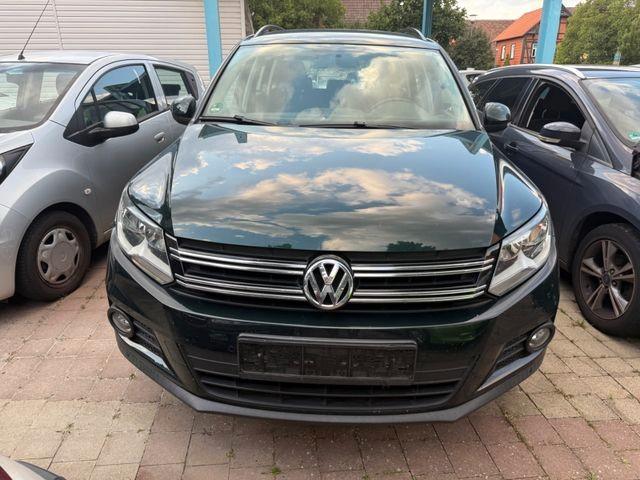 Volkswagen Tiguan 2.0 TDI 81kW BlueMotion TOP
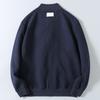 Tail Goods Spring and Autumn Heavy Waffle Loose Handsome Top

===============

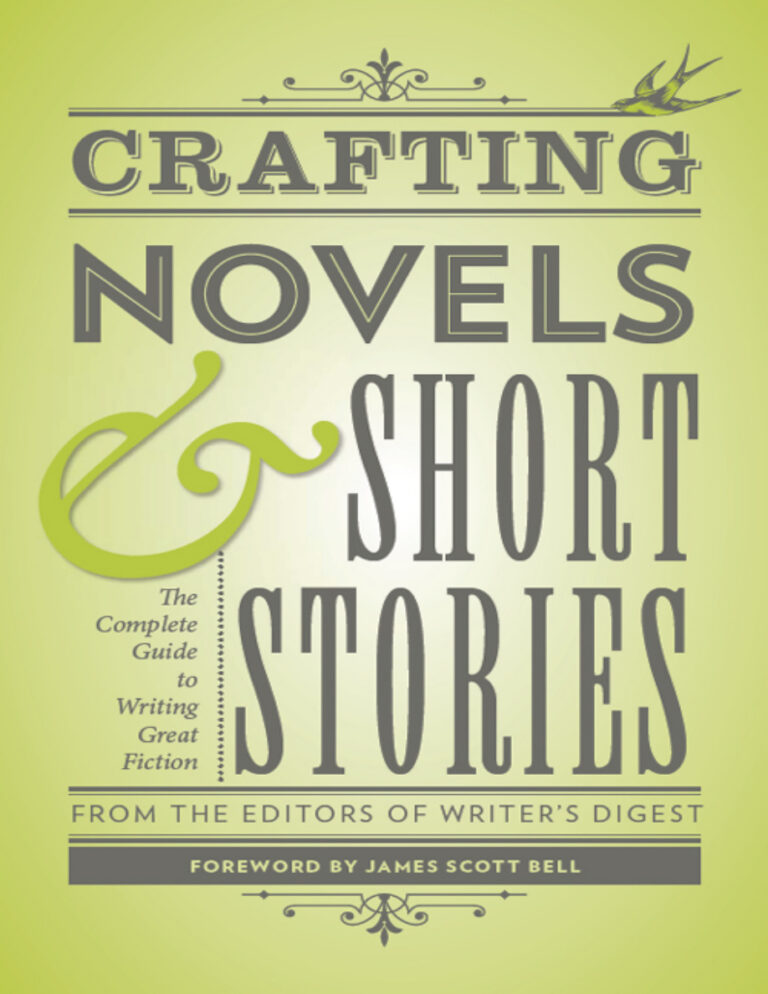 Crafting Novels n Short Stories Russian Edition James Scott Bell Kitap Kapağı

===============

What this task involves — Pictures are to be left out. Write out only the lines above starting at the one with "Volkswagen Tiguan 2.0" and ending at the one with "Tail Goods Spring", both lines included, exactly.

Solution to the problem —
 Volkswagen Tiguan 2.0 TDI 81kW BlueMotion TOP
 Tail Goods Spring and Autumn Heavy Waffle Loose Handsome Top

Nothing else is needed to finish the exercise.